Expectation of maximum of a multinormal random vector

In summary: Cheers,PereIn summary, the conversation discusses the distribution of the maximum of a multinormal random vector and the possibility of finding a closed form expression for it. It also explores the more general case of a random vector with a covariance matrix and the challenges in finding a probability density function when the matrix is not positive definite. The conversation participants suggest looking into the Generalized Extreme Value Distribution and the paper by Charles E. Clark for potential solutions.
  • #1
Pere Callahan
586
1
Hello,

This time my question is not about Catalan numbers but something much more interesting (to me at least;))

I was wondering how the maximum of a multinormal random vector is distributed, for example let

[tex]X \approx N(\mu_1,\sigma_1^2)[/tex]
[tex]Y \approx N(\mu_2,\sigma_2^2)[/tex]

be normally distributed random variables.

Let further

[tex]Z=max(X,Y)[/tex]

What is the distribution of Z. Maybe it doesn't even have a distribution which can be put in closed form..so what can be said about the expectation value...?

What about the more general case, if you have a random vector

[tex](X_1,X_2,\dots,X_n) \approx N(\vec{\mu},\vec{\vec{\Sigma}})[/tex]

with mean [tex]\vec{\mu}[/tex] and covariance matrix [tex]\vec{\vec{\Sigma}}[/tex].
Can anything be sais about the distribution of [tex]Z=max(X_1,X_2,\dots,X_n)[/tex]?


And talking about multivariate normaldistributions there comes yet another question to my mind. If the covariance matrix [tex]\vec{\vec{\Sigma}}[/tex] is not positive definite but only positive semi-definite, then [tex]det(\vec{\vec{\Sigma}})=0[/tex] so the there is no probability density function.
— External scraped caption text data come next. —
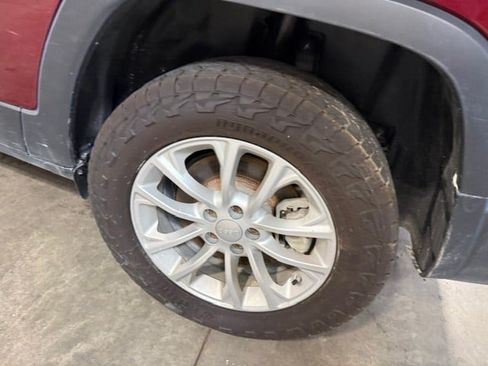 Used 2019 Jeep Cherokee Latitude w/ Popular Appearance Group AWD/4WD image 28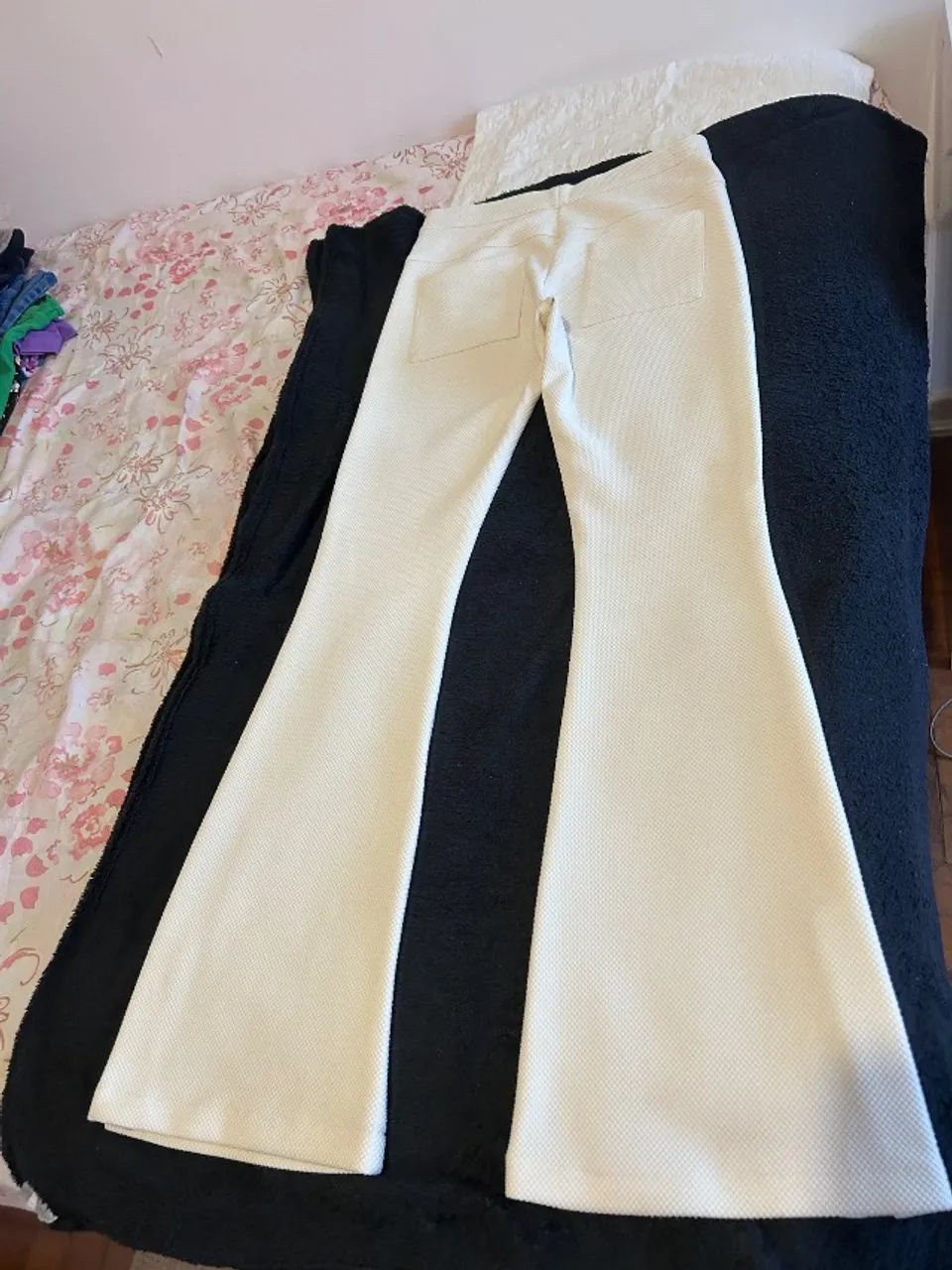 calça branca da marca Costume P - Foto 5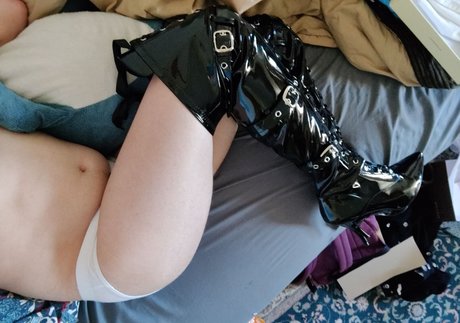 absoluteterritory_ Nackt auf OnlyFans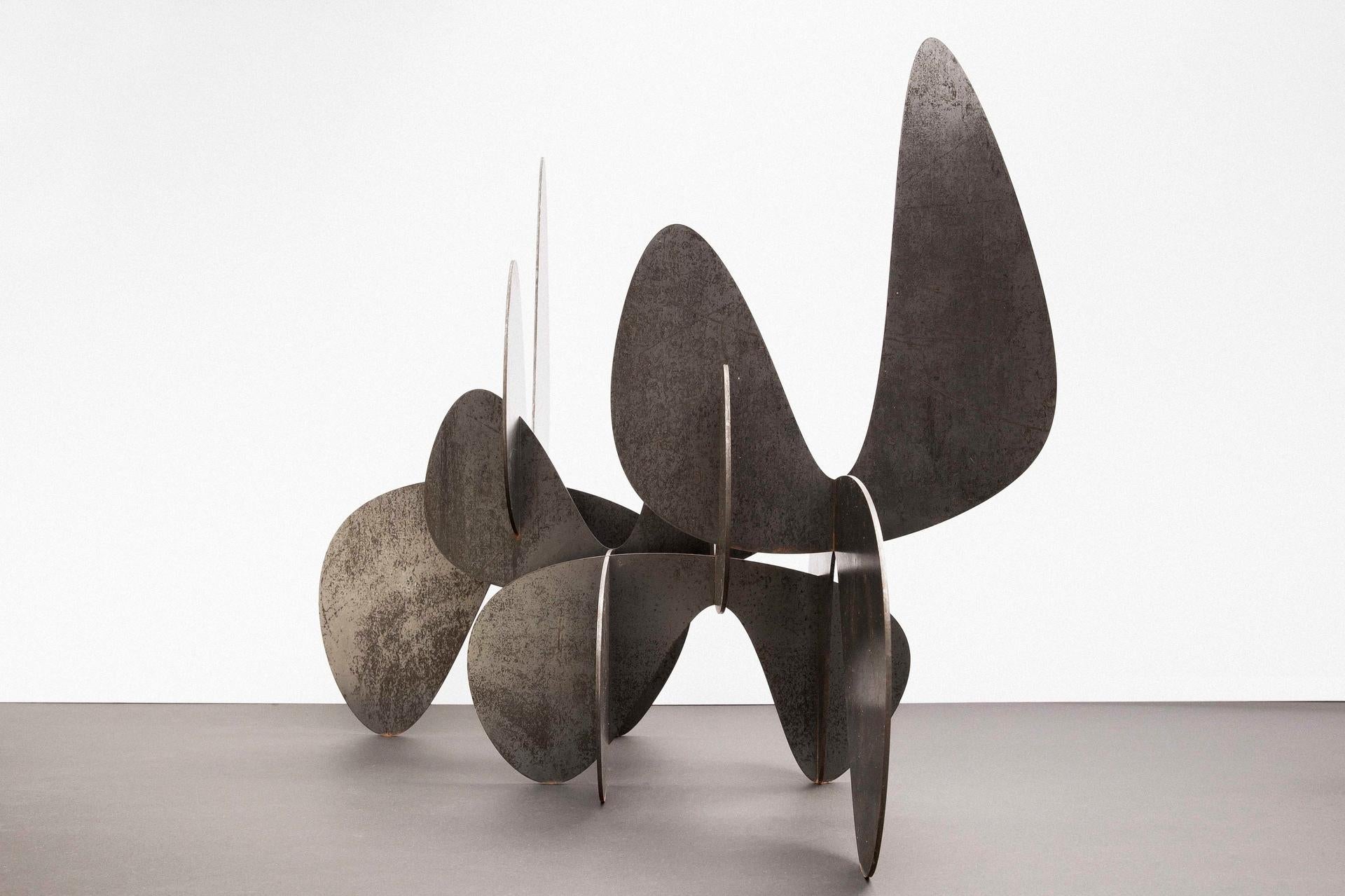 Barricada n°8 ac S d'Alejandro Vega Beuvrin - Sculpture en acier vieilli, foncée en vente 2
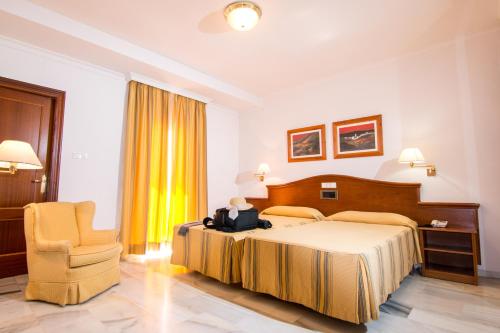 1 double bed, 1 twin bed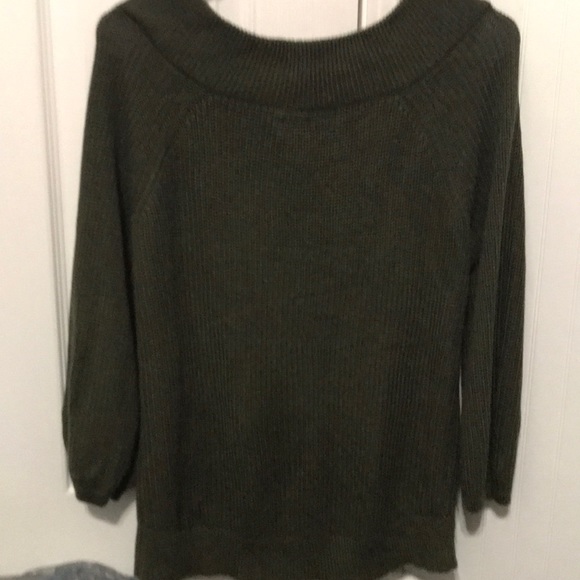 NY&C olive green sweater top - Picture 4 of 4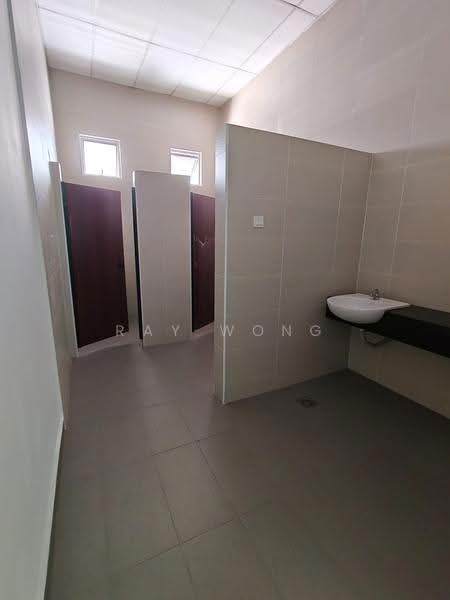 Factory for Rent in Ulu Tiram (Johor) - Ray Wong - Bathroom - PropertyGuru.com.my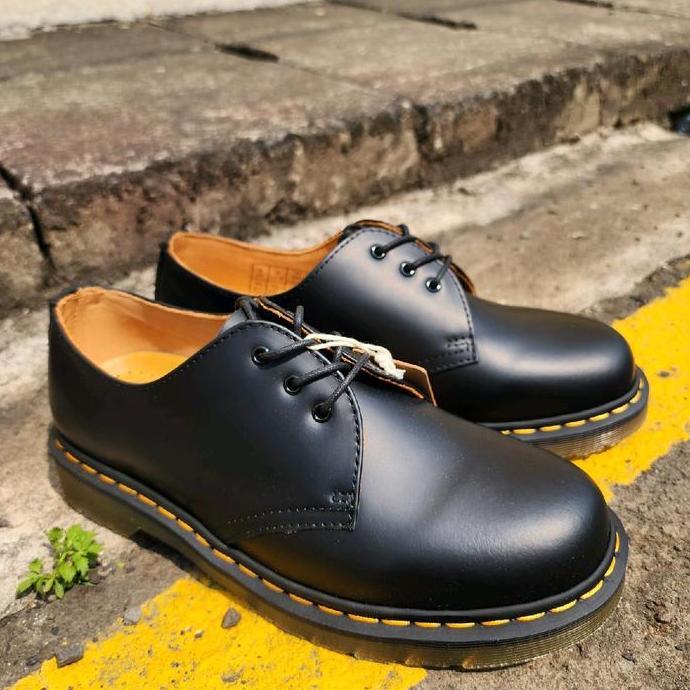 New Sepatu Docmart Boots Pria 1461 black smooth low 3 Hole Ultimate PK Quality classic smooth leathe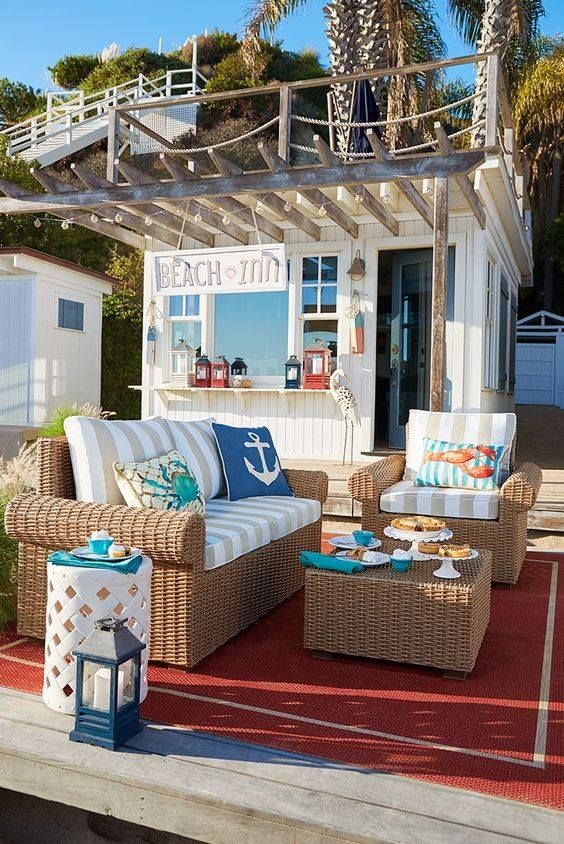 Small Outdoor Space Beach Decor Idea | Beach house decor, Beach .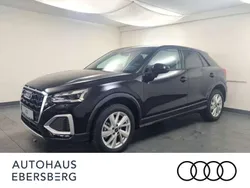 Brillantschwarz Gebraucht 2024 Audi Q2 Advanced SUV | 30.450 € (Fairer Preis)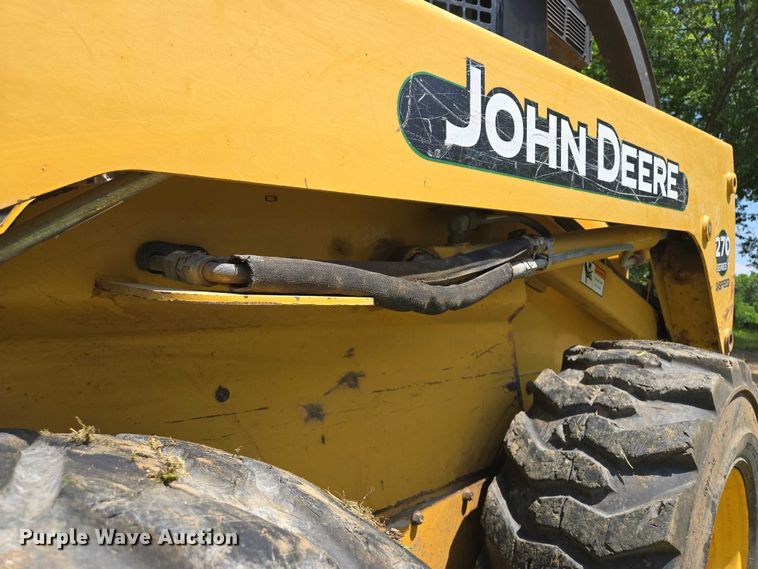 image for item EM7330 2003 John Deere 270 Series II skid steer loader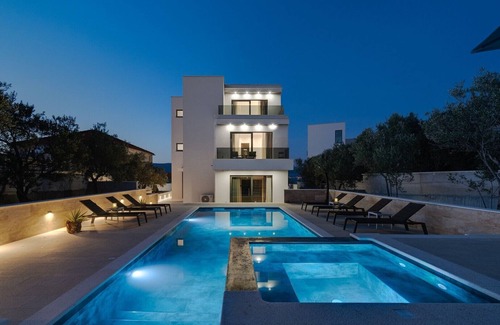 Slatine Villa | Villa Lady Maris with heated pool,70m from beach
Is there nonetheless a good way to draw samples from such a multivariate normal distribution? (The most obvious way via the Cholesky decomposition of [tex]\vec{\vec{\Sigma}}[/tex] and a suitable linear transformation of a standard normally disitributed random vector doesn't work if the determinant is zero)

So a bunch of questions, thanks for any answers.

Cheers,
Pere
 
Last edited:
Physics news on Phys.org
  • #2
just concerning the first part of your question, for two independent random variables X and Y with distribution functions F and G, the distribution function H of max(X,Y) is simply given by the product of F and G
H(c)=P(max(X,Y)<=c)=P(X<=c and Y<=c)=P(X<=c)P(Y<=c)=F(c)G(c)
differentiating that by c you get the density function of max(X,Y)
h(c)=F(c)g(c)+G(c)f(c)

here is the more general case
http://en.wikipedia.org/wiki/Order_statistic
(actually it is only more general in having more than two random variables, they assume F=G most of the time..)
don't know whether in the normal case you get a closed form expression for the expectation...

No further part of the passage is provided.